2008-07-16 Thread Barry Hannah
I agree with you to a point Steven, but speaking for myself if I may.
I used to be a child as you put it - to the extent that all Flash
developers/designers were back in the day. Keeping up with the code side
of things as they have developed - beyond the expectations of everyone -
has been interesting (I don't have a programming background). We've all
had to grow, as developers and users have expected more from the tools
and the applications made with them. Call it progress, professional
development, whatever. If you don't keep up in this industry you're
toast (or destined to make banners).

I wonder why someone who likes their timeline paradigm would even bother
with AS3, why not just stick to AS2? You can still code for player 9 and
take advantage of fullscreen or HD. Might not last long but for now why
not? If you don't care about learning the code, why would you care about
whether it's AS3 or not?

To me that point is missing from Colin's argument, Adobe made the effort
to include 2 VM's so old content would be supported. Just us AS2. Am I
missing something?

Barry.



-Original Message-
From: [EMAIL PROTECTED]
[mailto:[EMAIL PROTECTED] On Behalf Of Steven
Sacks
Sent: Thursday, 17 July 2008 12:18 p.m.
To: Flash Coders List
Subject: Re: [Flashcoders] The Charges Against ActionScript 3.0

Ashim D'Silva wrote:

Flash is not a toy. You can't pick it up, with no prior knowledge, and
expect to have a app 2 hours later.

---

This is where we part ways.  Flash used to be a toy, and, up until Flash
8, it still could be.  Now, with AS3, Flash has ceased to be a child's
toy and is now only a toy for adults.  Child, in this sense, means
non-programmer who is more comfortable with design and timeline
animation, and adult meaning seasoned programmer.

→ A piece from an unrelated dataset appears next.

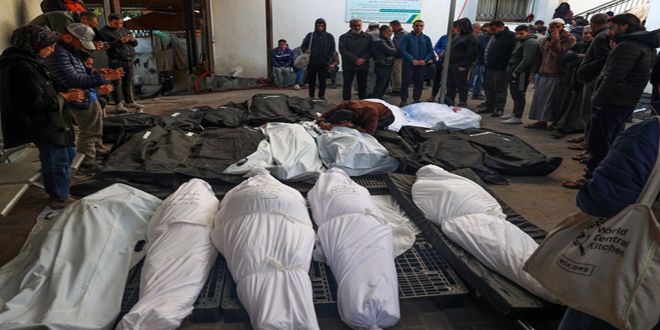 30 شهید در کشتار جدید اشغالگران در دیرالبلح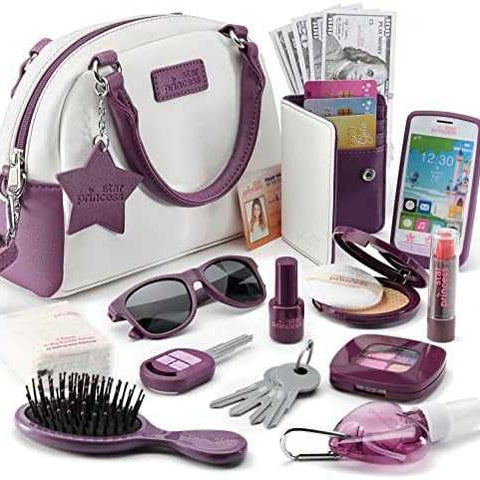 Girls Play Purse Pretend Play Accessories Set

The notion that Flash is not (or was ever) meant to be easy enough to
just pick up and make something really quick is diametrically opposed to
reality.  The reason you see so much BAD Flash is because it was SO EASY
to use for even non programmers.  

It's the same with all the bad HTML.  It's like saying that AJAX means
that the web browser is no longer a toy.  The difference here is that
browsers still accept noob HTML coding standards (according to people
who are AJAX/CSS experts), but Actionscript 3 gives you zero latitude.

Flash is, at its _root, a vector animation tool with a scripting
language tacked on.  To say that a vector animation tool is not a toy is
pretty far off the mark.  

Actionscript 3 takes Flash away from the realm of the artist and into
the realm of the programmer.  It makes simple things harder (regardless
if it's better, it's still harder for non-coders) and is thus much less
appealing to its original core audience, and a VAST MAJORITY of the
people who use it.

Sorry, but good Flash coders are hard to find.  You just think otherwise
because you run in these circles.  For every person participating in
online Flash development communities, there are thousands who aren't.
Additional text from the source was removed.